Domingo, 7 de agosto de 2011 | Hoy
Tras los pasos de Sándor Márai, llega el momento de rescatar la obra del húngaro Ernö Szép, un escritor de duras y escasas palabras y de un áspero sentimentalismo.
Por Martin Kasañetz
Se suele afirmar que cuanto peor es la vida de un escritor, mejor es su literatura. Desde autores como Dostoievski y Kafka o Rimbaud, ejemplos sobran. Además, las dificultades van acompañadas, en ocasiones, de una asombrosa sensibilidad, por la cual el artista percibe aquello que lo rodea. Ernö Szép nació en Huszt, en 1884, con diecinueve años comenzó su carrera periodística en Budapest y publicó sus primeros poemas con cierto éxito. En poco tiempo sus trabajos como dramaturgo, poeta y novelista lo hicieron muy popular. Luego comenzaría su debacle. Durante la Primera Guerra Mundial trabajó como enfermero y corresponsal de guerra. Más tarde, por ser judío de origen, en 1944 fue detenido y obligado a realizar trabajos “de esclavos”, como relató en El olor de los humanos.

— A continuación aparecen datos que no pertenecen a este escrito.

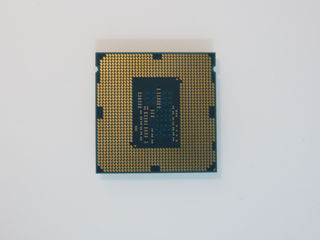 продам процессоры сокет 1150 / 1155 (Intel Core i3 / Pentium) foto 2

Sobrevivió a la guerra pero vivió el resto de su vida sumido en la pobreza. Tras la liberación de Hungría, Szép cayó en el olvido y murió sin ningún tipo de reconocimiento. Hoy es considerado uno de los padres de la literatura húngara moderna. Sus influencias se encuentran en diversos escritores, como en el cruce de géneros que encontramos en la madurez de Miklós Szentkuthy o en la sentimentalidad compleja de Sándor Márai de El último encuentro o Confesiones de un burgués.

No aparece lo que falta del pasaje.